I thought I should at least make a small note of a discussion I had with Eric Van Wyk of the University of Minnesota during his recent visit to UCLA.

He’s probably the only person I’ve ever conversed with who had direct knowledge of what Intentional Software was up to — he was funded by them during his research at Oxford (actually I think they were still within Microsoft Research). (Other than a couple of folks from Intentional with whom I spoke at OOPSLA.)

He now casts a lot of that in terms of “attribute grammars”, which Don Knuth worked on as far back as the late 60’s. Though of course it sounds like the use of that phrase is somewhat controversial.

The languages discussed in his talk were java as the “host” language, sql, and a domain-specific language created for computational geometry. The main point emphasized is that any subset of languages described in his system can be composed together.
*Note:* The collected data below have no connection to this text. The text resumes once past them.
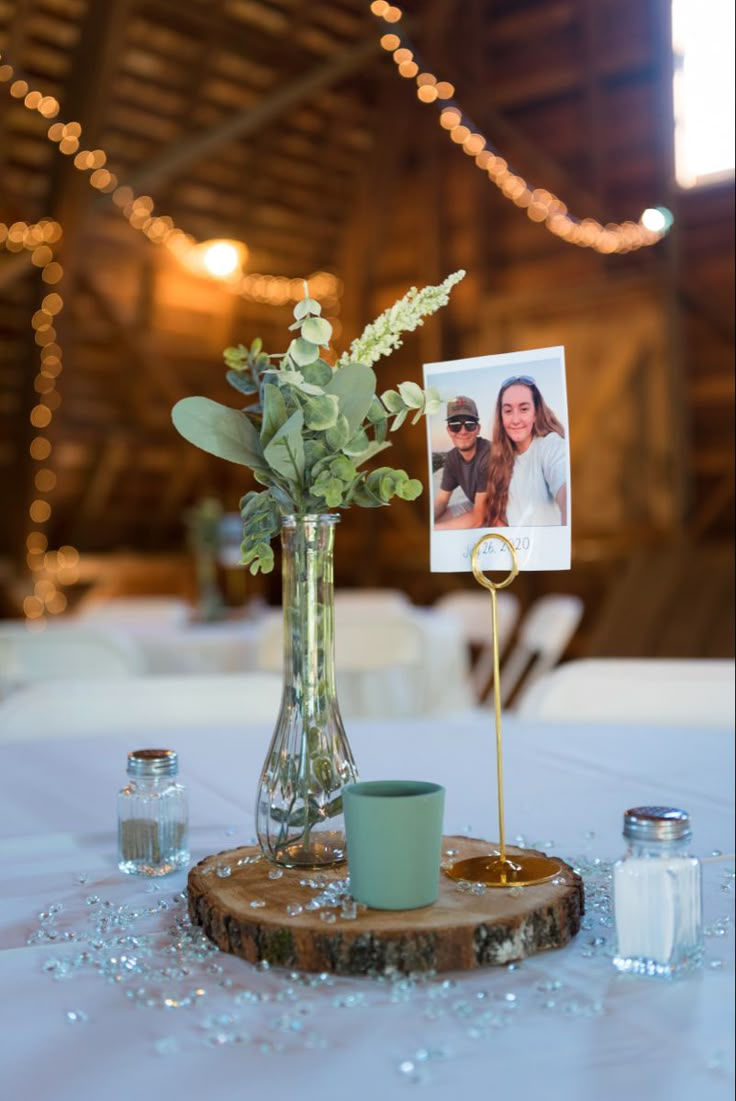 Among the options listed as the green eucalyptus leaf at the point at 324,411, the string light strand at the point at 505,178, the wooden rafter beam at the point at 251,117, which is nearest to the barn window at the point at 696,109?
the string light strand at the point at 505,178

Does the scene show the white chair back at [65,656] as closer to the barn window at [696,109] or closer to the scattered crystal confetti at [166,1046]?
the scattered crystal confetti at [166,1046]

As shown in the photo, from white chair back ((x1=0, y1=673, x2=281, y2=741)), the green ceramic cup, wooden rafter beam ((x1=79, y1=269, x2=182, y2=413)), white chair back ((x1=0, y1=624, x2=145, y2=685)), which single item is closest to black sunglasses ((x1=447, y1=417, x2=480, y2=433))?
the green ceramic cup

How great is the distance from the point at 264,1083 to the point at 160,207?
8.06 meters

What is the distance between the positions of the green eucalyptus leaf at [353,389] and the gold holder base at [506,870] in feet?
1.14

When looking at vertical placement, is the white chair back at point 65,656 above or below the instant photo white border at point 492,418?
below

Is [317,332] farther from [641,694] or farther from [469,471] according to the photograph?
[641,694]

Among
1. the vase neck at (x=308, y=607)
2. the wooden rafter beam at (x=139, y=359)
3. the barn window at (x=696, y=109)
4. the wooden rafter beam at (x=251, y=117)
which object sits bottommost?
the vase neck at (x=308, y=607)

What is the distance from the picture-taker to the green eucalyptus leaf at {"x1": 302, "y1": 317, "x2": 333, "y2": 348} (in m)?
0.85

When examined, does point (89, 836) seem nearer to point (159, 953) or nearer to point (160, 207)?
point (159, 953)

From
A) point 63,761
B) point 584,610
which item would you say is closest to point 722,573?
point 63,761

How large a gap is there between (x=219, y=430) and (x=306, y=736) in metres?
0.25

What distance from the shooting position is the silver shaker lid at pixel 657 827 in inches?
27.5

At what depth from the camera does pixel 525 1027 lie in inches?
25.0

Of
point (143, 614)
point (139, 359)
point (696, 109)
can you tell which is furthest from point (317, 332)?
point (139, 359) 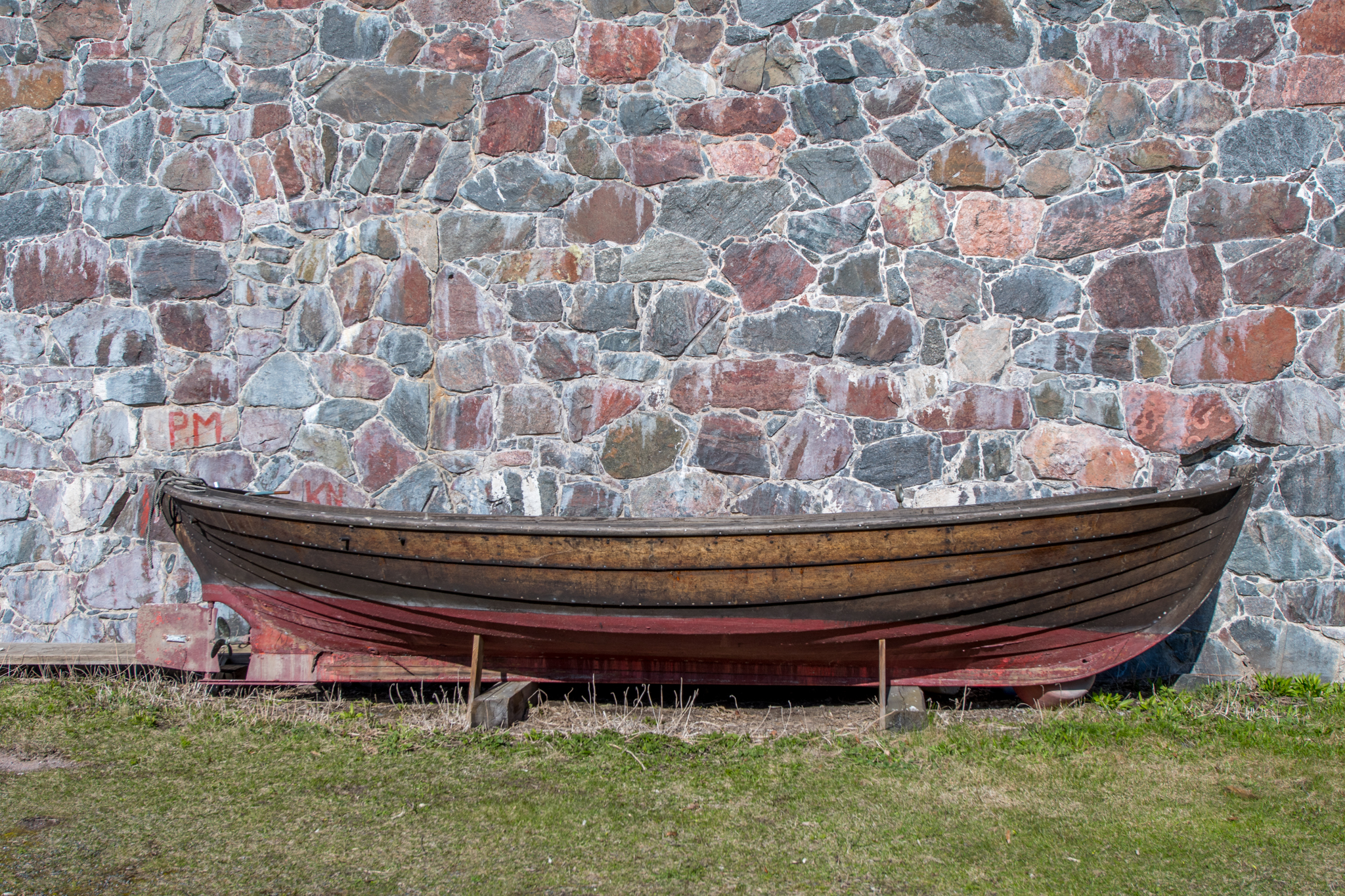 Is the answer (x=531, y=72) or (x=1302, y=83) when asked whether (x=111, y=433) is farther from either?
(x=1302, y=83)

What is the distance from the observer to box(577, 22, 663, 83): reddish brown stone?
5.27 meters

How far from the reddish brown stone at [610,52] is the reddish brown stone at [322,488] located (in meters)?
2.75

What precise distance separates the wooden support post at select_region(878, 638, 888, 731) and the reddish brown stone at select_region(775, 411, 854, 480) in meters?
1.22

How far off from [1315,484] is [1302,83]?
211 cm

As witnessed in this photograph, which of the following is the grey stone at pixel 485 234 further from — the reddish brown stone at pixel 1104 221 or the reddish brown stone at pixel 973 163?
the reddish brown stone at pixel 1104 221

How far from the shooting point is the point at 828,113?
5.14m

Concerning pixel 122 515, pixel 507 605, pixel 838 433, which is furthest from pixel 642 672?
pixel 122 515

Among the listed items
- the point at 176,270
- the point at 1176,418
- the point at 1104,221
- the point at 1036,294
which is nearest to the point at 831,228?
the point at 1036,294

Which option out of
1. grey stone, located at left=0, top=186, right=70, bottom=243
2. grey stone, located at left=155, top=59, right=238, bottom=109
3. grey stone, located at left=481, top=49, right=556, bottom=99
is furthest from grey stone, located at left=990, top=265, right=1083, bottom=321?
grey stone, located at left=0, top=186, right=70, bottom=243

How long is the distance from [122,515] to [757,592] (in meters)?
3.82

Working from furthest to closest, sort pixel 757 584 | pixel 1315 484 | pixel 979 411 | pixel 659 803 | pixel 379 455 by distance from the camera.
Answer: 1. pixel 379 455
2. pixel 979 411
3. pixel 1315 484
4. pixel 757 584
5. pixel 659 803

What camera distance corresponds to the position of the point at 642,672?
4457mm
The most interesting point of discussion in our meeting was the value of “multi-view” programming, such as what intentional has. The other more concrete point is that it would be valuable for him (and probably the community at large) to have more examples of domain-specific languages. I mentioned to him a recent consulting experience I had with a company who had specifications that often exceeded 1000 pages long. With a domain-specific language, this could have been reduced by nearly a factor of 100.

That particular language would have looked something like Henzinger’s “Reactive Modules” language. I may try to create a business workflow language that looks something like RM next week as a part of this prospectus writing. If all goes according to plan, I’ll have code generation from this language to my Struts 2 / Hibernate 3 / AJAX / … framework.

With some extra added special sauce, of course. I’m settling on some new core abstractions that I’ll write more about as soon as I gain confidence that they will work.